Sentencing; Doubling a defendant’s guidelines pursuant to MCL 333.7413(1); People v Lockridge; People v Hines
On remand from the Supreme Court, the court held that the trial court erred in doubling defendant’s “guidelines to determine his minimum sentence pursuant to MCL 333.7413(1).” Thus, it vacated his sentences for his four drug-related convictions and remanded “for resentencing under the framework set forth in Hines.” He was also convicted of firearms offenses.
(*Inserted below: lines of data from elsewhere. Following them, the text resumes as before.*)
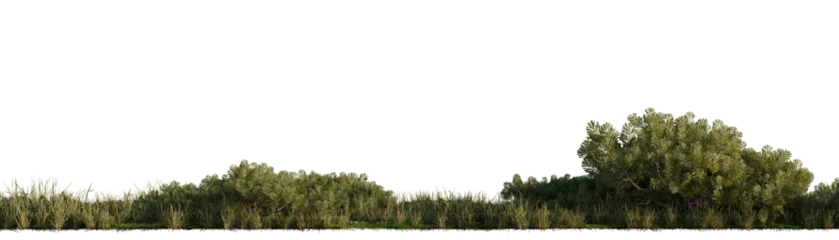 Foto op Plexiglas Lush green trees and grass on a transparent background. 3D rendering. © snesivan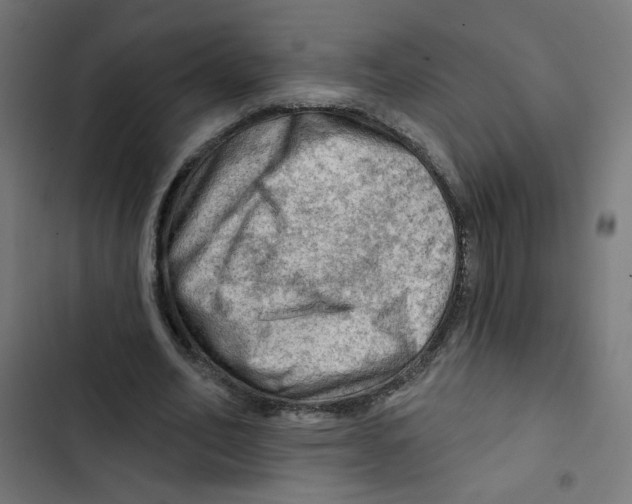 X0000102490582200809051324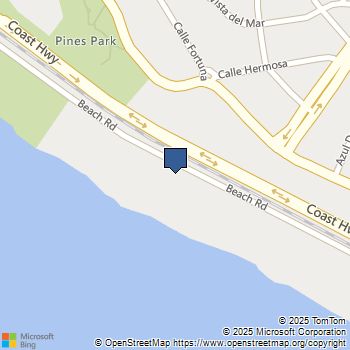 35121 Beach Road Dana Point, CA MLS# OC25123964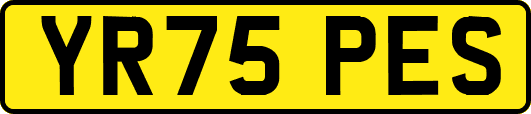 YR75PES
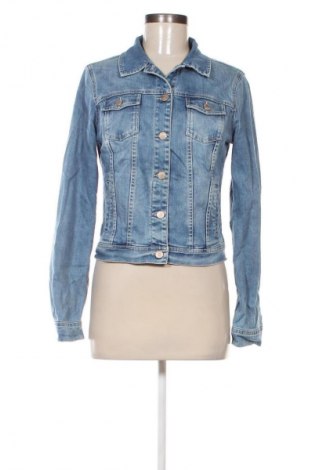 Damenjacke Promod, Größe M, Farbe Blau, Preis 37,99 €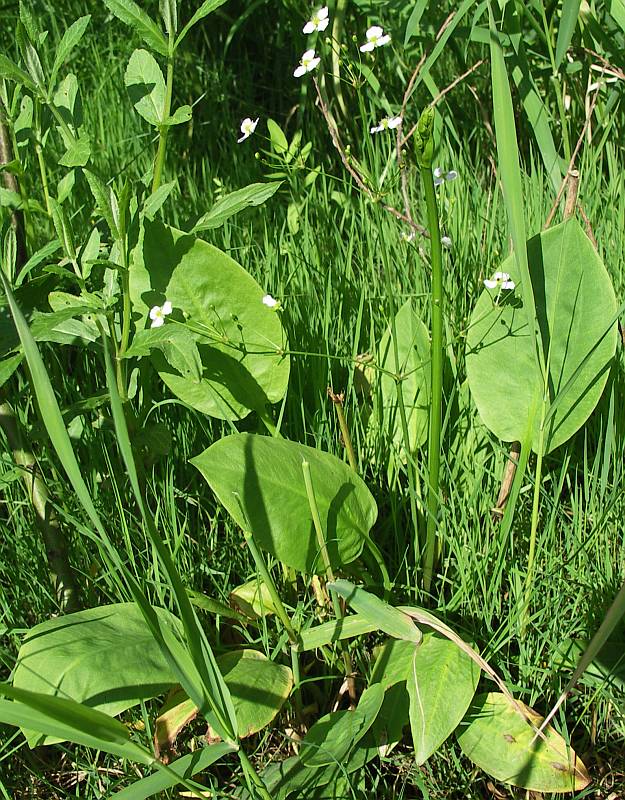 Image of Alisma plantago-aquatica specimen.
After the court previously affirmed his convictions and sentences, the Supreme Court issued an order remanding the case to allow defendant to file a supplemental brief as to whether, in light of Lockridge, “‘a court can double an individual’s sentencing guidelines pursuant to MCL 333.7413(1).’” That statute gives a trial court “the discretion to impose a sentence of imprisonment ‘for a term not more than twice the term otherwise authorized’ on a defendant convicted of a second or subsequent drug offense as defined by the statute.” In Lockridge, the Supreme Court ruled that Michigan’s “sentencing guidelines violated the Sixth Amendment’s fundamental right to a jury trial to the extent that [they] required ‘judicial fact-finding beyond facts admitted by the defendant or found by the jury to score . . . (OVs) that mandatorily increase the floor of the guidelines minimum sentence range’” (the mandatory minimum sentence). In Hines, the court determined that post-Lockridge, “‘the minimum allowed sentence is no longer limited to twice the sentencing guidelines range. Rather, the enhanced minimum could be up to ⅔ of the new statutory maximum.’” The court found that the Hines defendant “was entitled to resentencing because the trial court erroneously doubled the guidelines to determine the defendant’s minimum sentence even though [it] had adequately explained its reasons for doubling the defendant’s statutory maximum sentence pursuant to MCL 333.7413(1).” The court concluded that the trial court made the same error in this case.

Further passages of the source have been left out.